I’m not able to reproduce the error. I’m connecting to the same instance so I’d exclude a configuration issue on the instance side.
This is the snippet of code I’m running:
>>> from hops import featurestore
>>> featurestore.connect('a46df480-aa4b-11ea-a29d-291324b872b4.aws.hopsworks.ai', 'demo_featurestore_fabio001', secrets_store='local', api_key_file='api.key')
>>> featurestore.get_featuregroup('teams_features')
SQL string for the query created successfully
team_budget team_id team_position
0 12957.07600 1 1
1 2403.37040 2 2
2 3390.37550 3 3
3 13547.42900 4 4
4 9678.33300 5 5
5 7307.94000 6 6
6 9469.99100 7 7
7 2248.77600 8 8
8 12474.41900 9 9
9 16107.08000 10 10
10 4888.23240 11 11
11 6101.97200 12 12
12 21319.53300 13 13
13 11698.13900 14 14
14 7683.72270 15 15
15 7326.09200 16 16
16 1621.19360 17 17
17 10477.92900 18 18
18 13022.44100 19 19
19 3555.23500 20 20
20 12494.65600 21 21
21 12433.23800 22 22
22 10290.32300 23 23
23 760.87290 24 24
24 930.39740 25 25
Where api.key
is the file containing my api key.
Are you running behind corporate firewall or something which might block the connection to port 9085?
–
Fabio
disabling firewall worked, however I am not able to use - “insert_into_featuregroup”

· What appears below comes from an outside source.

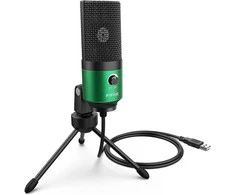FIFINE K669G žalias kondensatorinis mikrofonas | USB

hopsworks-cloud-sdk is read only as writing depends on Spark. We recommend that you schedule a job in hopsworks that imports your data from an external storage. You can have a look at connectors: https://hopsworks.readthedocs.io/en/latest/featurestore/guides/featurestore.html#configuring-storage-connectors-for-the-feature-store
Could not visit this site: http://hops-py.logicalclocks.com/hops.html#module-hops.featurestore
Is the site still running?
What is the format of this file? JSON or txt? Can it be an .env file too?
Does this method return the same object as hopsworks.login()?